We arrived here Tuesday morning, and when pulling up to that first viewpoint, the lake was breathtaking. Neither of us had ever seen water so calm and blue in our lives. We did the rim loop, visiting several overlooks along the way. We stopped at the two visitor centers and walked a few miles along the edge of the caldera (the lake is named after a crater on an island in the lake, not the huge volcano the lake is in). We headed back to the campsite and pitched our tent, planning our activities for the next day.

Phantom Ship on Crater Lake

Early Wednesday morning, we woke and headed for the ticket booth for the boat dock. The folks at the boat ticket booth let us know there would be no boats docking in Wizard Island in the lake that day – a real let down for us. We still opted for the two-hour tour of the lake, which started at a trailhead 1,000 feet below where we stood. We started down the one-mile trail and brought our lunches with us to enjoy afterwards. The boat tour was nice, if a bit too relaxing – both I and Alyssa drifted off at times.
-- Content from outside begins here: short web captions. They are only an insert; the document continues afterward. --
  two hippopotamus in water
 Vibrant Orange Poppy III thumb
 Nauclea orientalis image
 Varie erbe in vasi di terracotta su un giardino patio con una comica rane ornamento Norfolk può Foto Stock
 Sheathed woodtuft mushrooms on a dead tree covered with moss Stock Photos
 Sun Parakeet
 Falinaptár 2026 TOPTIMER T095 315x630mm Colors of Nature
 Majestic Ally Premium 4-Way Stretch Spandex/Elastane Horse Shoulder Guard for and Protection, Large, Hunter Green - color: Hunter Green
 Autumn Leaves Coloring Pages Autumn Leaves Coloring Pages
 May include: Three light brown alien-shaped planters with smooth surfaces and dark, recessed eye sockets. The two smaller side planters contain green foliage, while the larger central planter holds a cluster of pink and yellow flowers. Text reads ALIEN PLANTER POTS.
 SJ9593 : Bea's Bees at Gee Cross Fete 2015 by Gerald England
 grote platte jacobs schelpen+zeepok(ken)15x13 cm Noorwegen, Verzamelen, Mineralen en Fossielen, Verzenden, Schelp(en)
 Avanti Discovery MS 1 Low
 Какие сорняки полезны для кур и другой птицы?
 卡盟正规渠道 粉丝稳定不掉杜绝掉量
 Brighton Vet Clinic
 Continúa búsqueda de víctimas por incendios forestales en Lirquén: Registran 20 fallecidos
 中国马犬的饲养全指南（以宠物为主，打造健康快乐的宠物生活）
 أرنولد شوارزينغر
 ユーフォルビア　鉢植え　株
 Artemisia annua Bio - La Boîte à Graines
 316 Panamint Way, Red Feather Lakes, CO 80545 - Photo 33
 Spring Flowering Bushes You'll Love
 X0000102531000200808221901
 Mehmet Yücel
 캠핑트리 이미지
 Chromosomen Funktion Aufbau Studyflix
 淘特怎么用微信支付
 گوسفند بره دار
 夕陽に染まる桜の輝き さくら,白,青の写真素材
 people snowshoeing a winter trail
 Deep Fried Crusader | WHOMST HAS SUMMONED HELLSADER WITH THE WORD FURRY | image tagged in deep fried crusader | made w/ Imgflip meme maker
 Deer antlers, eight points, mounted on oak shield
When we docked again, Alyssa and I found some space on the rocks to soak our feet while we ate. We encountered some of the most aggressive chipmunks I’ve ever come across – one actually jumped up on my lap to try and get a bite of my sandwich! After a bit of relaxing, we headed back up the one-mile and one-thousand feet of trail. We picked out a couple more trails that would give us some nice views of the lake, and also visited The Pinnacles, more volcanic formations on a side road off the lake’s Rim Road. Knowing we had seen pretty much all there was to see of the lake (but not the park, of which the lake only makes up 7%), we headed back to camp.

Today, we woke early for a quick morning hike, then head to California, if only the top-most sliver of it and if only for a few days. After this stop, it’s due north to Seattle, where our trip ends, but where the adventure really begins.